If we apply our “evolving” requirement to Web3, what we’d see is that while in theory all entities could offer secure commerce and identity-based services, those most likely to be both offered and credible would come from the same big-tech companies that are now accused (yes, perhaps rightfully) of “controlling” the Internet. You have a Google account, a Microsoft and Amazon account. You might have one or all of them in Web3 form in the future, but other than the benefit of good ink (as they say) for the companies involved, what’s really behind their security and the authenticity of your identity is the companies’ reputations. Can you, from the outside looking in, tell whether these companies are or would be using blockchain? Could you tell if a startup was, and would the fact that they were, or said they were, make them any more secure as a repository for your financial assets or a guarantor of your identity to others?
How many hacks of blockchain repositories have we had? A secure token held by an insecure party is no longer secure. Even identity guarantees are an issue because whoever holds the identity token and validates the identity still has to assure that the token is only referenced by the owner. Hack and “take” the token and you’ve stolen the identity. The framework of Web3 is based, like all commercial frameworks, on trust. Who can we trust with Web3, other than those who we’re trusting with exactly the same thing, but in a different form, today?
Which leads us to the metaverse. Meta is defining the metaverse as an alternative social reality, to the point that they’re setting up rules of approach between avatars to prevent virtual groping.
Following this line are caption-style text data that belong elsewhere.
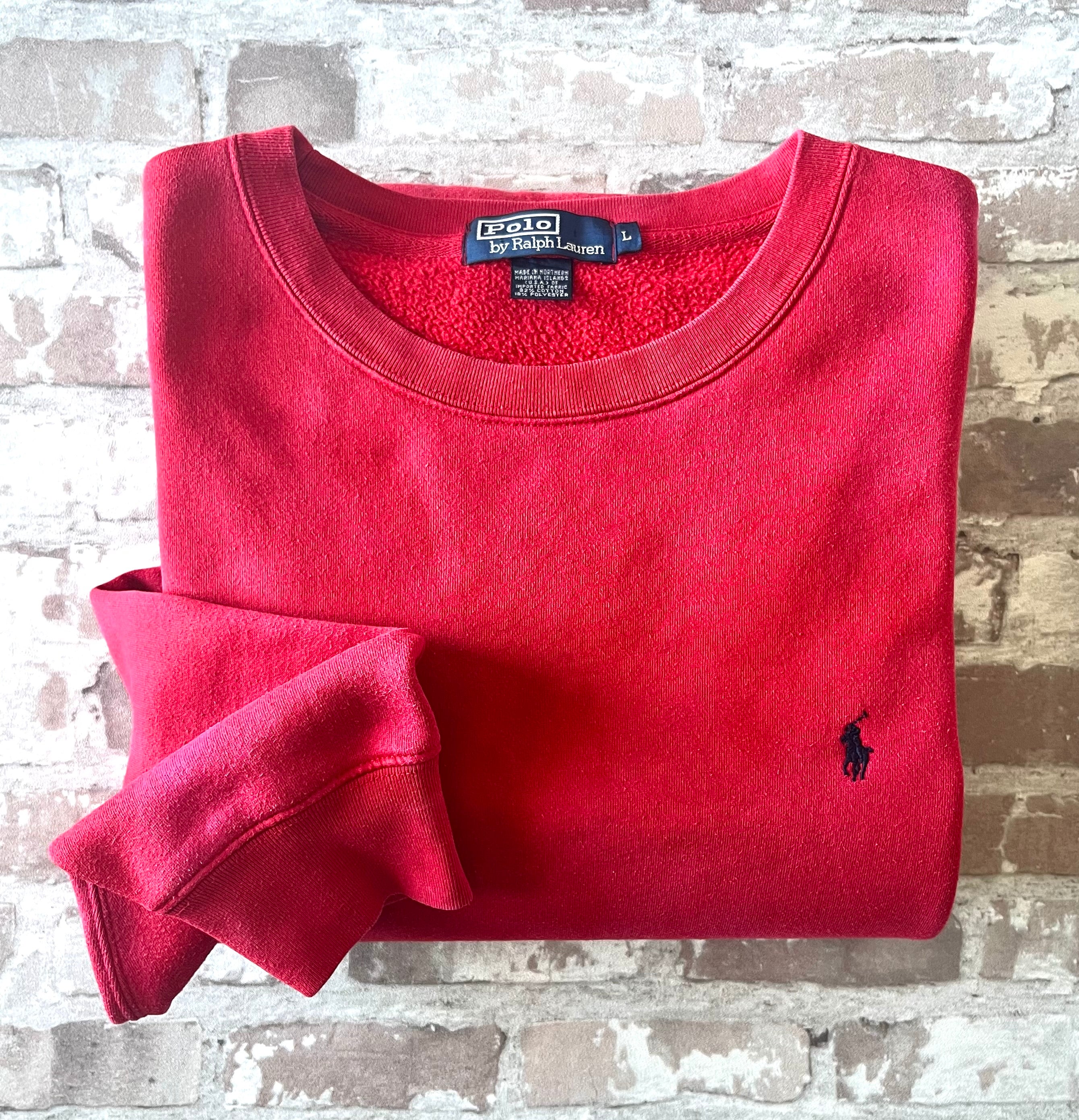 Sweat-Shirt Polo by Ralph Lauren Bleach Custom Classic Red Fall-Winter Vintage 90s à plat, plié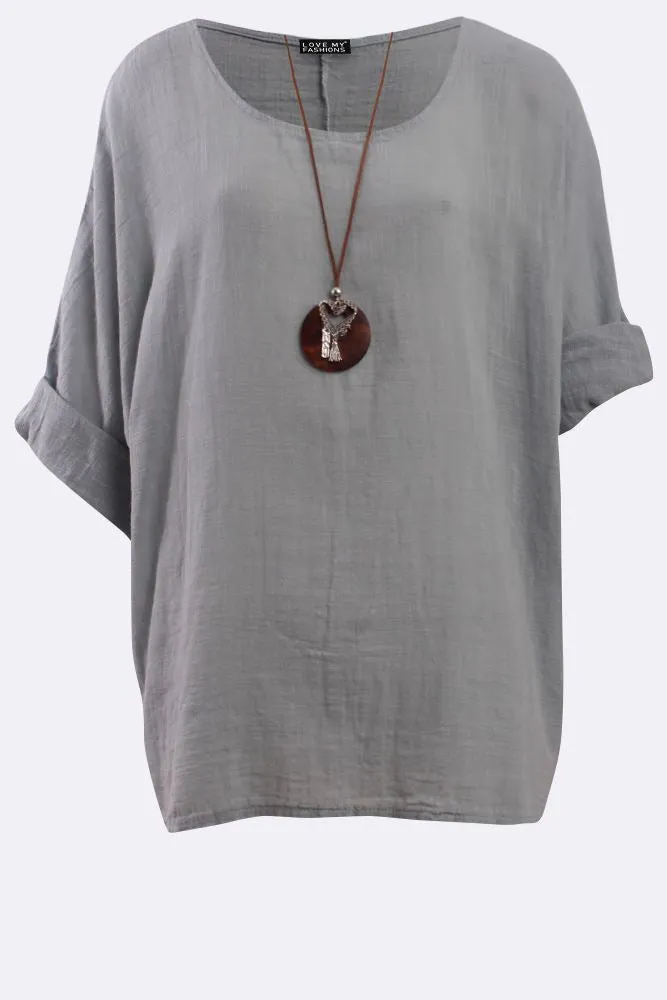 Plain Necklace Tunic Top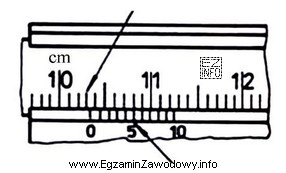 Ile wynosi wskazanie na podziałce suwmiarki uniwersalnej?
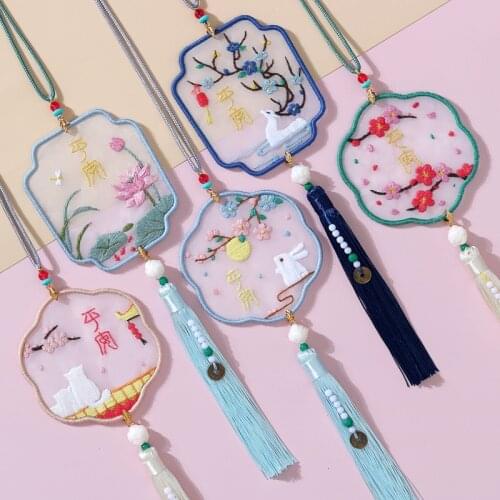 Chinese Style Mesh Embroidery Kit Flower Plant Animal Pattern Hoop Cross Stitch Punch Needle Embroidery Thread Kit for Beginner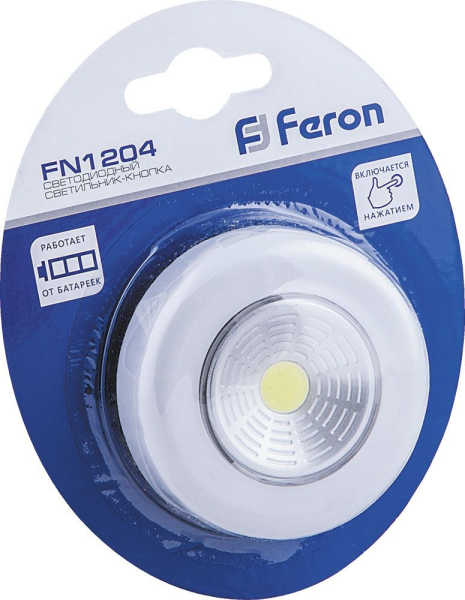 Светодиодный светильник-кнопка Feron FN1204 (1шт в блистере), 2W, белый 23373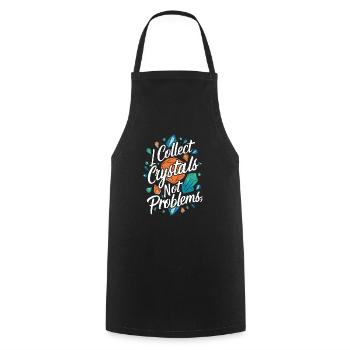 Crystal Healing Crytal Crystals and Stones - Cooking Apron - black - Front - AI Model Male 185 dark (185cm)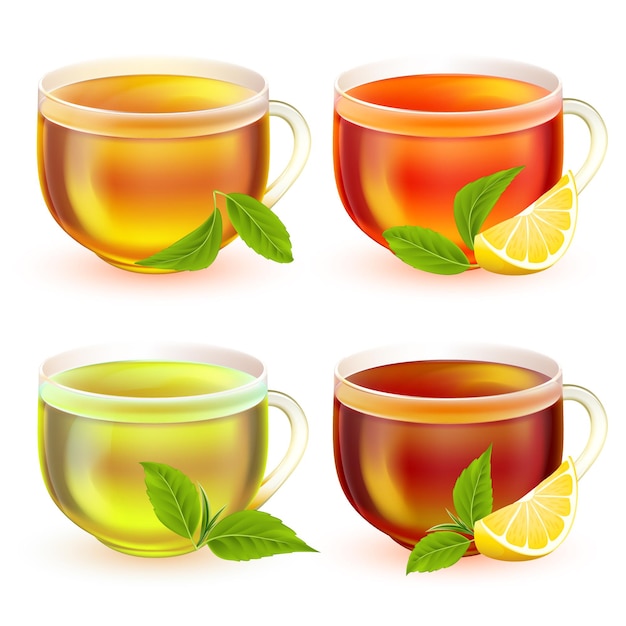 Vector realistic transparent glass tea cups with handle green leaves and lemon green black and fruit tea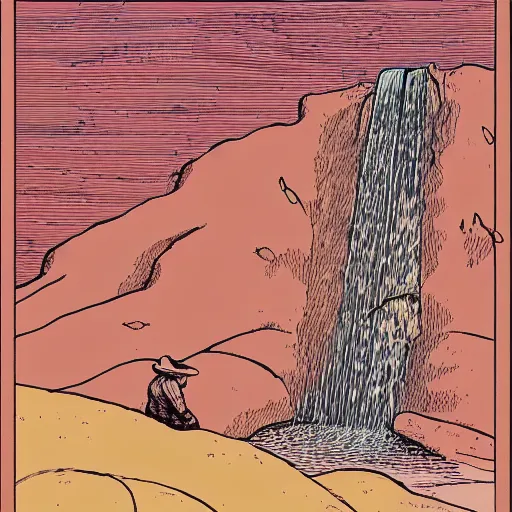 Prompt: ”old man sees waterfall in the desert, by moebius”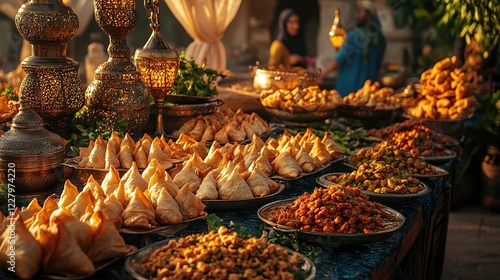 Samosas, dishes, buffet, market, sunset, Middle East, ornate, outdoor, crowd, background photo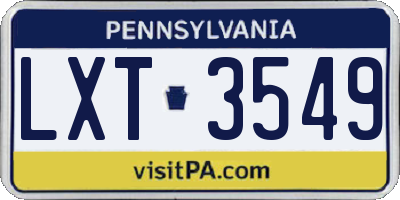 PA license plate LXT3549
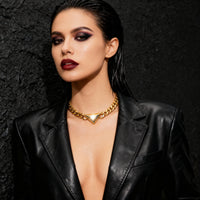 18K Gold Plated Triangular Pendant Necklace by NAHZ – Waterproof, Hypoallergenic Luxury Jewelry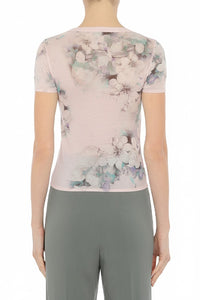 Short-sleeved wool floral print top - Fantasy Pink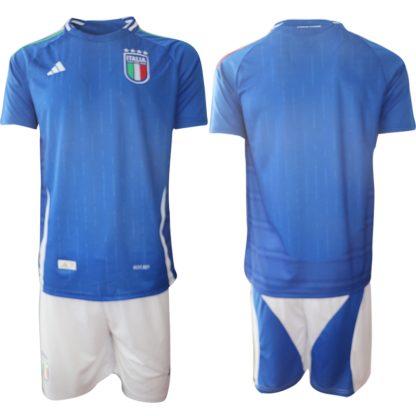 Billiga Fotbollströjor Herr Italien Hemma tröja 2024-2025 blå Matchställ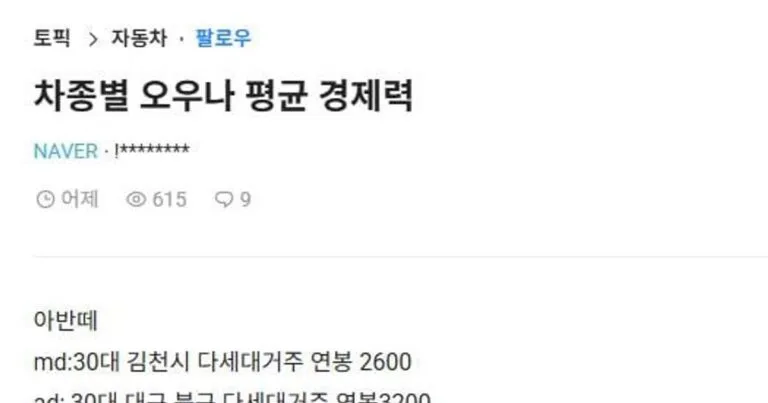 차종별 평균 연봉 경제력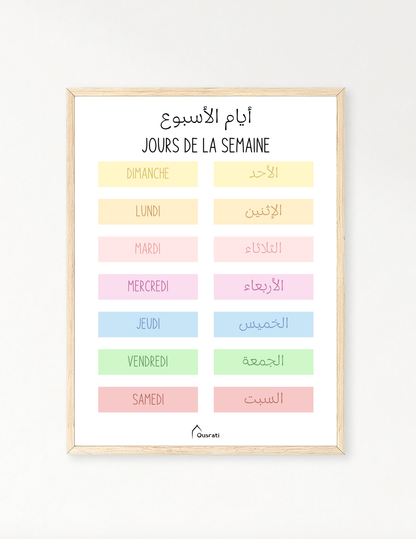 AFFICHE - LES JOURS DE LA SEMAINE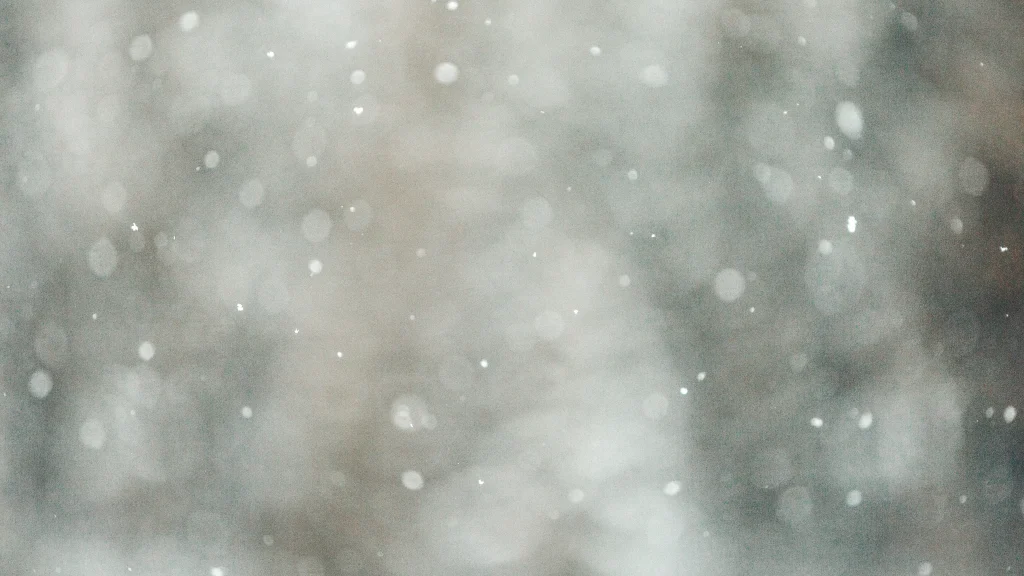 snowing photographed from a cabin window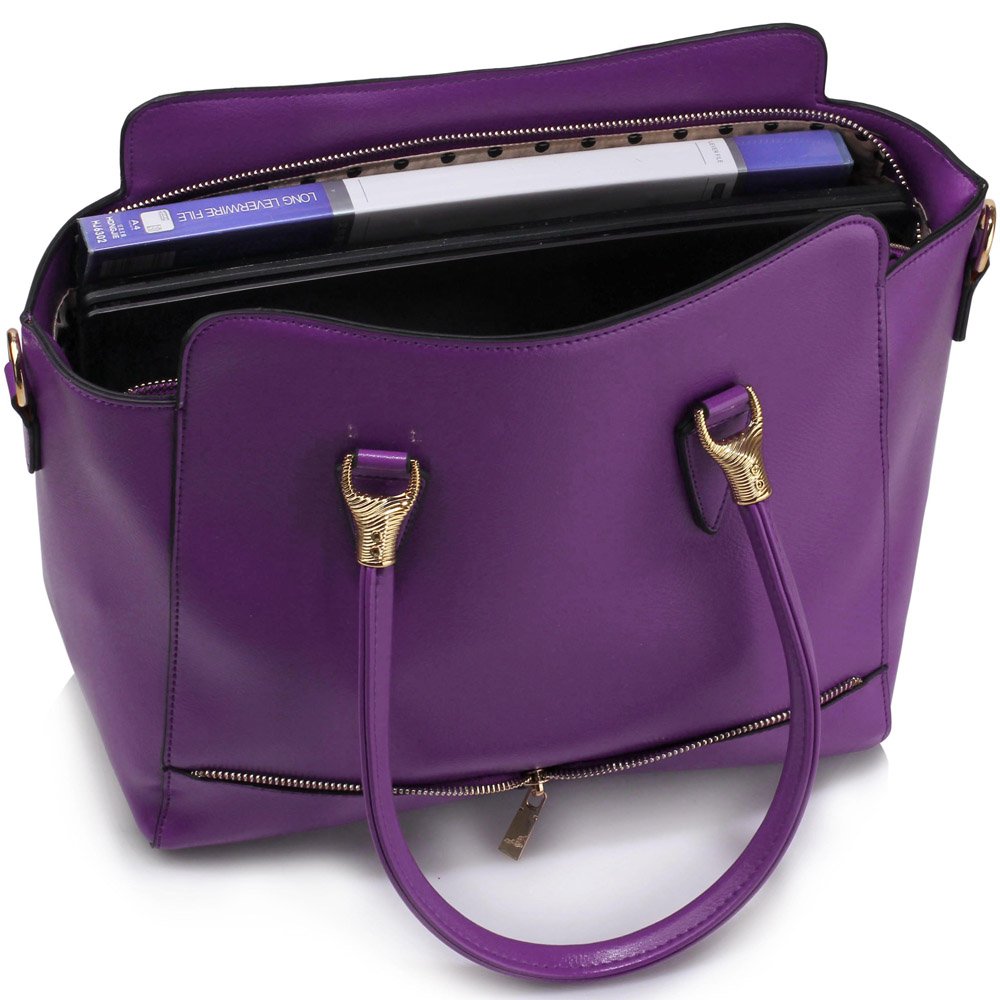 LS00456 - Purple Zipper Tote Shoulder Bag
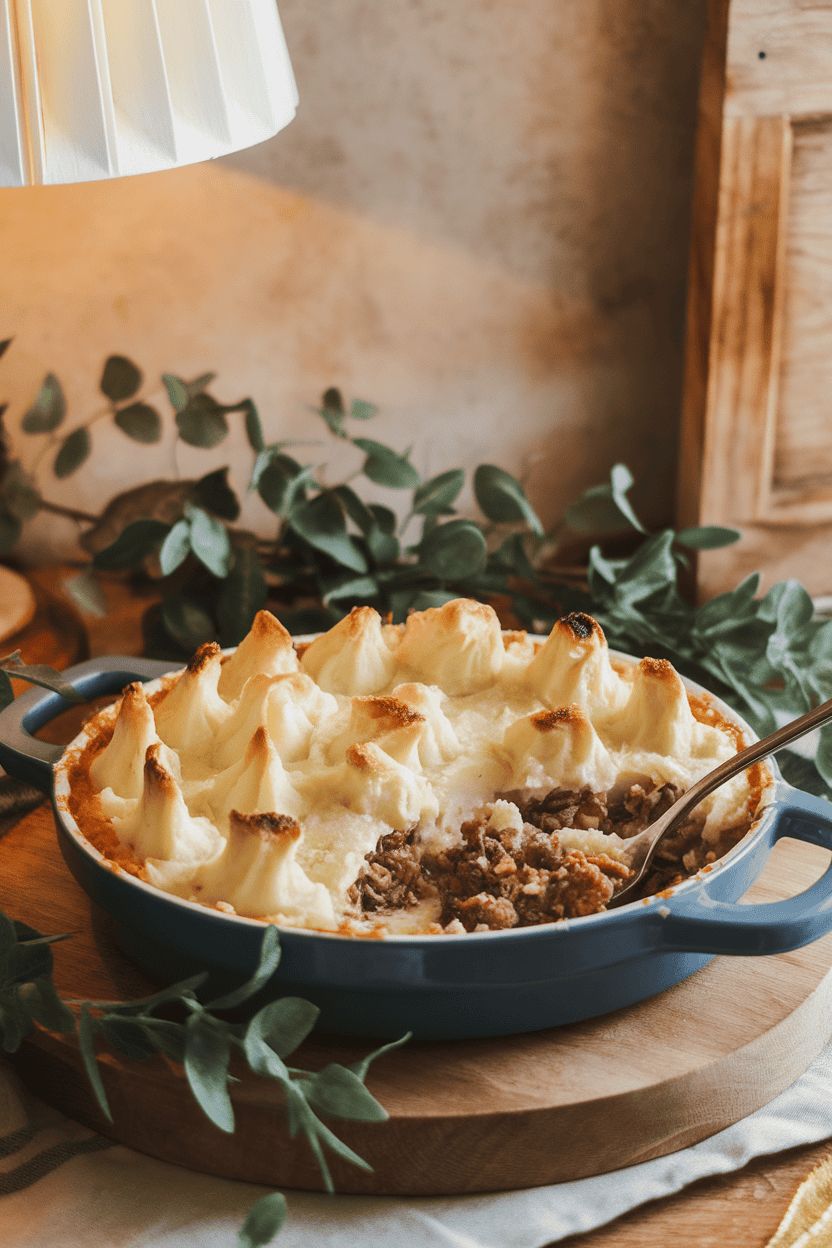 A warm indoor scene with a baking dish of shepherd’s pie, mashed-potato peaks browned on top, a serving spoon revealing the meat and vegetable layer beneath. No logos.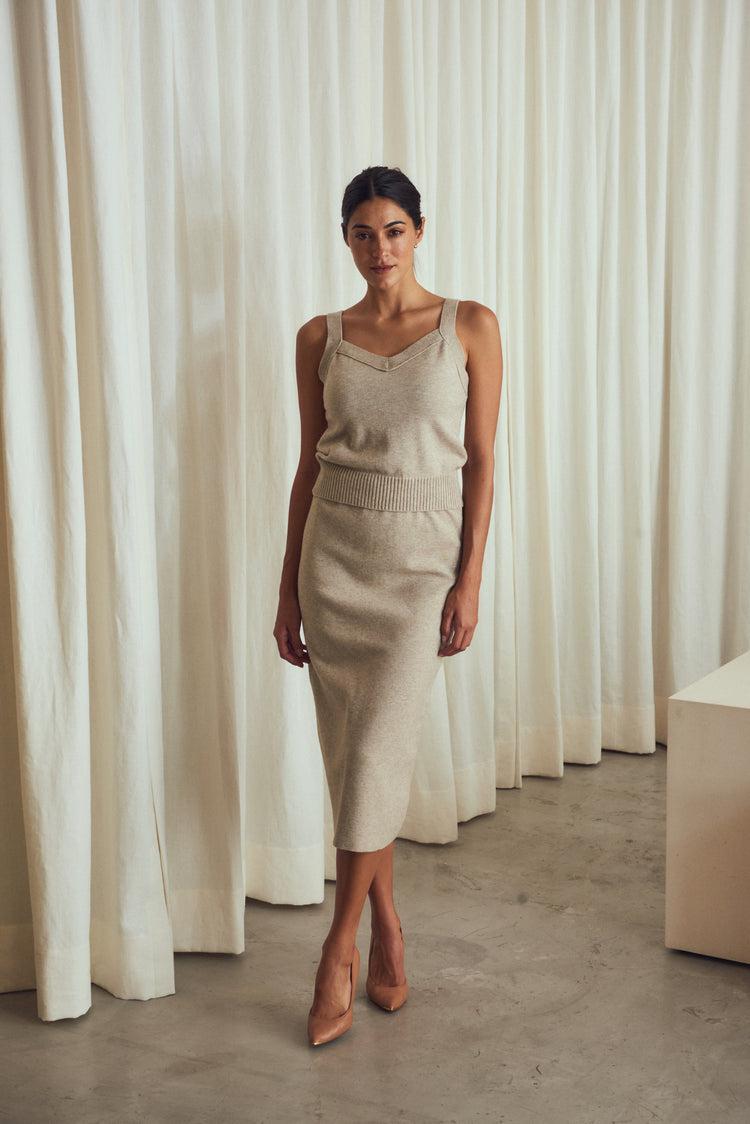 Camille Morocco Taupe Knitted Skirt Promoción por tiempo limitado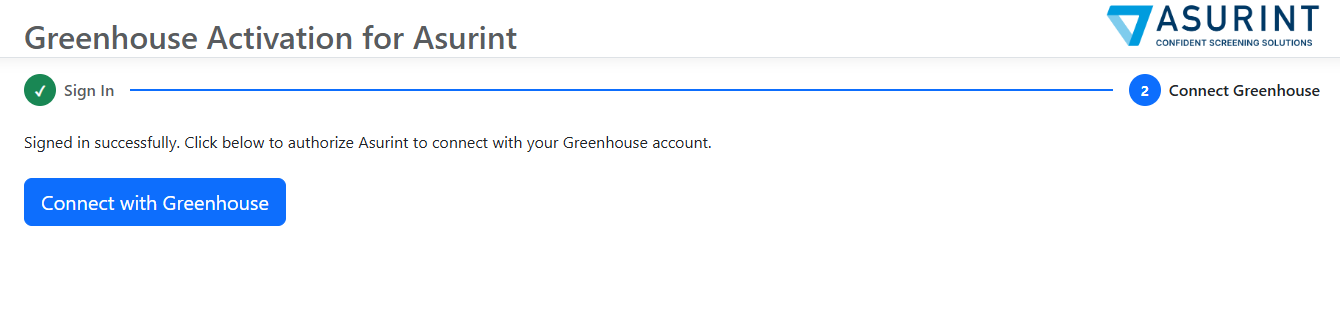 Connect with Greenhouse button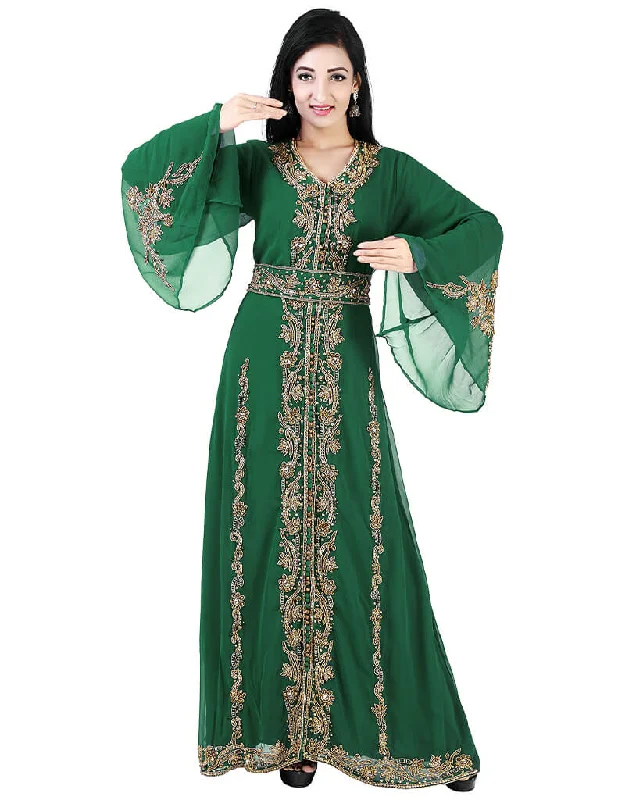 Modest Green Georgette Pearl Embroidery Kaftan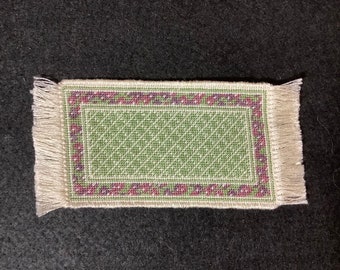 Dollhouse Miniature Pastel Needlepoint Rug with Green Diamond Pattern Center and Floral Border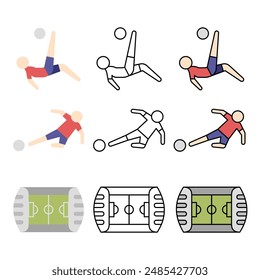 Vector illustrations of soccer players performing bicycle kicks and sliding tackles with soccer field icons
Meta clearly expects that many of the routine functions we carry out in the real world (commerce, of course, at the top of the list) will be supported in the metaverse. Our avatars will represent us in a virtual world that closely maps to the real one, to the point where consequences of things done in the metaverse will have real-world impact.
How many fake social media profiles do you suppose are created? As we “twin” more real-world things into the metaverse, we raise the stakes of impersonation or simple falsification. If you can steal someone’s avatar, have you stolen “them” for all practical purposes? Is the current concept of identity theft a pale shadow of the mischief someone could work? Will Meta, who has failed to police Facebook with regard to identity up to now, suddenly be able to police the metaverse? Bet they’ll call on things like blockchain to validate their new vision, which only makes them vulnerable to the issues of Web3 already noted.
I’ve said in past blogs that the metaverse was, at its heart, about digital twinning of selected real-world elements. In a sense, so is Web3, and in a looser sense even the cloud. Virtual anything is virtual, representational. That makes anything virtual something like a UFO; until one lands in your back yard and presents itself for inspection, you’re free to assign it any characteristics you find convenient. That’s a source of genuine misunderstanding, deliberate hype, and malicious fraud. And fixing it isn’t about technology, it’s about credibility. We know something virtual maps to a specific reality because some credible, familiar, stable, capable-of-being-sued-and-supporting-collection-of-judgment, says it does. Technology can’t provide that because technology is generating what we need to have guaranteed.
Web3 and the metaverse have technical requirements, but they have potential weaknesses that technology can only smear around, make harder to understand and resolve. We’ll need to keep that in mind as these concepts develop, or the security problems we have today will pale into insignificance in comparison to what these “improvements” will generate. Be very careful in these new areas. There are millions who will benefit from having you believe what are objectively lies, and very few who will benefit from telling you the truth.